Four years ago, the most conservative Intel Core Mobile processor needed around 18 watts of power to work, but the new Core M chips average about 4.5 watts. That’s four times less power consumption. The size of the hardware has decreased significantly too. The new Core M parts measure 30 x 16.5 x 1.05 millimeters thick. By comparison, fourth-generation Intel Core chips measure 40 x 24 x 1.5 millimeters.
These improvements will allow manufacturers to build a wider variety of thinner, fan-less designs. We’ve seen this already with fourth-generation Intel hardware, but it was relatively rare. With 5th generation Intel gear however, fan-less designs could start to take center stage.
Since Core M enables fan-less designs, the gear that’s associated with systems that aren’t fan-less can be stripped out. This includes cooling fans, heat-sinks, and exhaust vents. These parts are often thick, and can add significant weight (compared to other hardware, at least) to whatever computer they’re in. By eliminating the need for these components, computers with Core M chips in them could be very thin and light down the line.
While the Core M CPU that Intel announced today won’t be the quickest in this series (more powerful models will arrive at some point later), they should be more than capable of handling the average user’s needs. Intel believes that anyone with a notebook that’s about four years old will see a notable improvement. Systems packing the new Core M-5Y70 CPU (yes, Intel has changed its naming rules again) should be up to 2.3 times quicker when using Web-based apps, and 7.1 times faster when playing games compared to a system with an Intel Core i5-520UM CPU, for instance. The latter chip was released in January of 2010, according to this document from Intel.
Intel believes Broadwell chips will help manufacturers build products that appeal to users who own laptops that are a few years old.
Intel also promises that the new chip will offer up to 50 percent faster CPU processing, and up to 40 percent better graphics performance than the company’s last generation CPUs. However, once again, these numbers are possible only because Intel has used a relatively rare processor, the Core i5-4302Y, for its comparison.
Still, an increase of some measure is likely, as Broadwell provides not only a new CPU architecture built on a more advanced production process, but also improvements to the integrated Intel HD Graphics GPU. The initial wave of mobile chips will ship with HD 5300 GPUs, which is clocked at speeds up to 850 MHz. It also supports 4K resolution, and all the latest graphics standards.

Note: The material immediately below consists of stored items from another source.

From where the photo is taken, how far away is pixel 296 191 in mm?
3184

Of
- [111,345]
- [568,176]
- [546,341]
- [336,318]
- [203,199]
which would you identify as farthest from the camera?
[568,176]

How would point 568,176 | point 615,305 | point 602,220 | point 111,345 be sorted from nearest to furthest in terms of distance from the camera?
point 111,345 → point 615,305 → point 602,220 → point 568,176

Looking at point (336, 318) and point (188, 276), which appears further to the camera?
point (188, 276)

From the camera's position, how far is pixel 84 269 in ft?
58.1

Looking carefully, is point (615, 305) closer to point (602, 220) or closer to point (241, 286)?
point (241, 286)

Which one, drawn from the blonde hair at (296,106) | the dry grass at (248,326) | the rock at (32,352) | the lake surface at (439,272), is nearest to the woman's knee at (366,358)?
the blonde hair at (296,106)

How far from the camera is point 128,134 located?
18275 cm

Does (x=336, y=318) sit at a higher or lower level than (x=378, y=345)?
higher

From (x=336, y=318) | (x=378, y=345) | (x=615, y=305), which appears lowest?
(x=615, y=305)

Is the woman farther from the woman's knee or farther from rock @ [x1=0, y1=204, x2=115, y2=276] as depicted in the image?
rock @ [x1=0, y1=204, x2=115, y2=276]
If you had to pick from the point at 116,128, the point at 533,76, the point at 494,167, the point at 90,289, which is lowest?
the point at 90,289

Regardless of the performance specifics, it’s clear that Intel believes Broadwell chips will help manufacturers build products that appeal to users who own laptops that are a few years old. Intel claims that a new notebook or 2-in-1 device powered with a Core M processor can be up to three times thinner, and 50 percent lighter than an ultra-portable from 2010.

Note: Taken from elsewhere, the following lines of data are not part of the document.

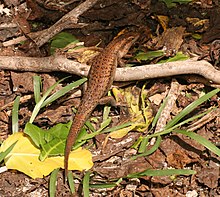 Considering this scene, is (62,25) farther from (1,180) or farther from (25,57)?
(1,180)

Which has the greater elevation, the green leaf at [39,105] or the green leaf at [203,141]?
the green leaf at [39,105]

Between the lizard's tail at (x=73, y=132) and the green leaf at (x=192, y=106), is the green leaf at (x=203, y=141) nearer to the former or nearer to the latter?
the green leaf at (x=192, y=106)

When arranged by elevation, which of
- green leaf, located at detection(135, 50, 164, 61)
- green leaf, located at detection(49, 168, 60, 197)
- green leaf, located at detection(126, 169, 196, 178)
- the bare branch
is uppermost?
the bare branch

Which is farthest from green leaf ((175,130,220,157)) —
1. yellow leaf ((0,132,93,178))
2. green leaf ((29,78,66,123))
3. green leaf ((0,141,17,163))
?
green leaf ((0,141,17,163))

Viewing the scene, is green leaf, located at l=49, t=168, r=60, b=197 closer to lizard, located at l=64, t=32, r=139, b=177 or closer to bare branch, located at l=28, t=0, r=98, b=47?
lizard, located at l=64, t=32, r=139, b=177

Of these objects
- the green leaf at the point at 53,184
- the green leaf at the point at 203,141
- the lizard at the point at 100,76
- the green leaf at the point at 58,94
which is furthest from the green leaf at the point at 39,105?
the green leaf at the point at 203,141

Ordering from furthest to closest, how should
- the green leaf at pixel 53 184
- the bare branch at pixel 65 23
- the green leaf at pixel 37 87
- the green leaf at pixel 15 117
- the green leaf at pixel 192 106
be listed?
1. the bare branch at pixel 65 23
2. the green leaf at pixel 37 87
3. the green leaf at pixel 15 117
4. the green leaf at pixel 192 106
5. the green leaf at pixel 53 184

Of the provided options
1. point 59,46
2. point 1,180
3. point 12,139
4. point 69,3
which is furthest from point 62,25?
point 1,180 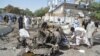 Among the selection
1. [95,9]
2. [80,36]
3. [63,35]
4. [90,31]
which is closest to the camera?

While the appeal of 2-in-1 computers is debatable, the improvements that Intel claims to have made in battery life can’t be ignored. If they turn out to be true, better battery life will likely be the new Core M processor’s most impressive trait. Intel boasts an increase of over an hour and a half compared to the outgoing generation of CPUs, and that’s with a modest 35 watt-hour battery.
This translates to about 10 hours of idle time, and over 8 hours of Web browsing on a single charge. If correct, these figures show that Intel has considerably increased battery life over the last few years. For example, back in 2010, we noted that the ASUS U30Jc offered just over six hours of endurance from its gigantic eight-cell battery, which was an excellent number at the time. That was also with a light workload consisting of Web-browsing with the display’s brightness set to 50 percent.

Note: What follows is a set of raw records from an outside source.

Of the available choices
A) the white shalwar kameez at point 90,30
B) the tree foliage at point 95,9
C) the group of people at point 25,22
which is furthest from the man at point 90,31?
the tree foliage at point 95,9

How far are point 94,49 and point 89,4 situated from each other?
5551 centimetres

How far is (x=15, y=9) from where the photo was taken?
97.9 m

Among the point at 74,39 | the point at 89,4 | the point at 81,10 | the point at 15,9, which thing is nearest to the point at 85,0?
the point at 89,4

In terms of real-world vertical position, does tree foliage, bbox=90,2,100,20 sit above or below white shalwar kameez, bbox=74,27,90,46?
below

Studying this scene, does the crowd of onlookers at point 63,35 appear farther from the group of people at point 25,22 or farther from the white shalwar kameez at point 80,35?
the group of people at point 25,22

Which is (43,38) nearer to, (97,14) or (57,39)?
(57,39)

As is always the case with early reveals, the information here should be taken with a small grain of salt, because it’s delivered exclusively from Intel. We won’t have the chance to test out Broadwell-based rigs until systems equipped with this tech begin to ship from manufacturers later this year.
While Intel’s IFA 2014 announcement is referred to as a “launch,” Intel’s production ramp-up will be slow. The company plans to begin with its most efficient (and least powerful) Core M CPUs before adding more powerful configurations. The very first Core M notebooks and 2-in-1s will land sometime in October. Meanwhile, Broadwell-based processors for desktops are not scheduled to arrive until “early 2015,” which means that we won’t see them until CES 2015, at the earliest.
Until then, we’ll be keeping a close eye on Broadwell. Intel’s decision to launch its most efficient components first shows that the company believes in small, thin systems that can potentially compete with Android and iOS tablets. This focus hasn’t paid off so far, but Intel’s new chips may be just what manufacturers need to build truly excellent 2-in-1 and super-thin computers.